INSTRUCTIONS FOR THE TASK: Every line from the one containing "Sealing Jaws on" to the one containing "Kuşadası\'nda 400 Gram" in the records below, both included, must be set down exactly, and no other line.

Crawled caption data
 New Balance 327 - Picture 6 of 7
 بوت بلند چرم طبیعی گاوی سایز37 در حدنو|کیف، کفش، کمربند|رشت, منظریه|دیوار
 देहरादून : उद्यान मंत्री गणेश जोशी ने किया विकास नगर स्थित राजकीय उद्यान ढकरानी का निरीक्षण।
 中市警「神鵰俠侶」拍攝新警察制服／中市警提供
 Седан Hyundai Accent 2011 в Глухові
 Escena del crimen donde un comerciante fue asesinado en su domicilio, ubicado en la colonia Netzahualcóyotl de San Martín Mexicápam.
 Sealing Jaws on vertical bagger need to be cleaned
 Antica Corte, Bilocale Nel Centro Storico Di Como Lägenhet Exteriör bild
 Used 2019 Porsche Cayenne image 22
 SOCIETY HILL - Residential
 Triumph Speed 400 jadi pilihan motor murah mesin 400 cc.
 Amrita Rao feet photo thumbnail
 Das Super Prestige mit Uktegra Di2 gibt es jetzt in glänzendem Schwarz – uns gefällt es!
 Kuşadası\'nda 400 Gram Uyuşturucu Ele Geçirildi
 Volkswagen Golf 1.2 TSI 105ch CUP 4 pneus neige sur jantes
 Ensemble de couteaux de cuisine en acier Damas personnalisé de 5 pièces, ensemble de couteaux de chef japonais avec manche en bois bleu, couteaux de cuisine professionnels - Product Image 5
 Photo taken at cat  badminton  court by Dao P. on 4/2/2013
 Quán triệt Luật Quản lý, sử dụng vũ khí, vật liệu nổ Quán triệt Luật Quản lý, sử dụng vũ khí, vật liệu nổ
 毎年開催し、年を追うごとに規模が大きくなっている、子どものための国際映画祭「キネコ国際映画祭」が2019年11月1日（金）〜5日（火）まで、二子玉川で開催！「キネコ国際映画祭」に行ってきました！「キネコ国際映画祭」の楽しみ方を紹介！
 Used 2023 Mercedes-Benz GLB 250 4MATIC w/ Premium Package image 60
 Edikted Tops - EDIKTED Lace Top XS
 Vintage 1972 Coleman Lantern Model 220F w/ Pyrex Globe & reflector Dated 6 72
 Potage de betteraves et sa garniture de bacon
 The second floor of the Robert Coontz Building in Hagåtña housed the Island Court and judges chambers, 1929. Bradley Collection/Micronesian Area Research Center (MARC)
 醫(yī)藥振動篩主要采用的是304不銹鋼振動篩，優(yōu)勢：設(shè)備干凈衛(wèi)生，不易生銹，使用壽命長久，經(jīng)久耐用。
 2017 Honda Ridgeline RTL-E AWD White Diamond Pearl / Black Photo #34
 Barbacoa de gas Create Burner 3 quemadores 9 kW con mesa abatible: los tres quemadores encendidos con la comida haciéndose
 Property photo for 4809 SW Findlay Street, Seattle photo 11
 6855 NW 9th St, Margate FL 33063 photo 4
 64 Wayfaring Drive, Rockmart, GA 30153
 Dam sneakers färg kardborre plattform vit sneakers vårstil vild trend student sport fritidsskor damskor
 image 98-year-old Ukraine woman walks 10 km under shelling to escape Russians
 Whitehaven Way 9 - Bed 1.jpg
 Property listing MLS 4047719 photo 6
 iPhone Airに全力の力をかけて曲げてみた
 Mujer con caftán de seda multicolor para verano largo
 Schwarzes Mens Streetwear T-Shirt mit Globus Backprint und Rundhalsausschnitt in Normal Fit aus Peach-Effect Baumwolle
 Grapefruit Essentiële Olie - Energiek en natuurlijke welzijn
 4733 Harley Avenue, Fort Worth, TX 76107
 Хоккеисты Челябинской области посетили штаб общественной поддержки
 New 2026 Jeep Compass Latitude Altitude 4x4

OUTPUT OF THE TASK:
 Sealing Jaws on vertical bagger need to be cleaned
 Antica Corte, Bilocale Nel Centro Storico Di Como Lägenhet Exteriör bild
 Used 2019 Porsche Cayenne image 22
 SOCIETY HILL - Residential
 Triumph Speed 400 jadi pilihan motor murah mesin 400 cc.
 Amrita Rao feet photo thumbnail
 Das Super Prestige mit Uktegra Di2 gibt es jetzt in glänzendem Schwarz – uns gefällt es!
 Kuşadası\'nda 400 Gram Uyuşturucu Ele Geçirildi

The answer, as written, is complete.